Ya entraban los exploradores del ejército enemigo, y, no encontrando a nadie, comenzaron algunos como suele hacerse, a registrarlo todo. Sacáronle de su escondrijo, y como no lo conocían, le preguntaron: quién era y dónde estaba Vitelio, a lo que contestó con una mentira; pero viéndose reconocido, no dejó de suplicar que le dejasen la vida, aunque fuese en una prisión, porque tenía que revelar secretos que importaban a la existencia de Vespasiano. Sin embargo, lleváronle casi desnudo al Foro, con las manos atadas a la espalda, la cuerda al cuello, y las ropas desgarradas, prodigándole con el gesto y la voz crueles ultrajes por toda la vía Sacra, tirándole unos de los cabellos hacia la espalda para levantarle la cabeza, como se hace con los criminales; otros, empujándole la barba con la punta de la espada para obligarle a mostrar la cara; éstos arrojábanle lodo e inmundicias; aquéllos lo llamaban borracho e incendiario; una parte del pueblo le criticaba hasta sus defectos corporales, porque era extraordinariamente alto y tenía el rostro encendido y manchado por el abuso del vino, el vientre abultado y una pierna más delgada que la otra, a consecuencia de una herida que se infirió en otro tiempo en una carrera de carros. en la que servía de auriga a Calígula.
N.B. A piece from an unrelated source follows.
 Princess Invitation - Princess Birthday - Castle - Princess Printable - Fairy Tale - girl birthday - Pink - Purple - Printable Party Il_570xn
En fin, cerca de las Gemonias lo desgarraron a pinchazos con las espadas y después que fue ultimado, lo arrojaron con un gancho al Tíber.


XVIII

Pereció con su hermano y su hijo a los cincuenta y siete años. El prodigio que hemos dicho que le ocurrió en Viena, se interpretó en el sentido de que algún día caería en poder de un galo, y el suceso justificó la predicción, porque lo venció Antonio Primo, uno de los genelares del ejército enemigo, que había nacido en Tolosa, y llevado en la infancia el epíteto de Becco, palabra que significa pico de gallo.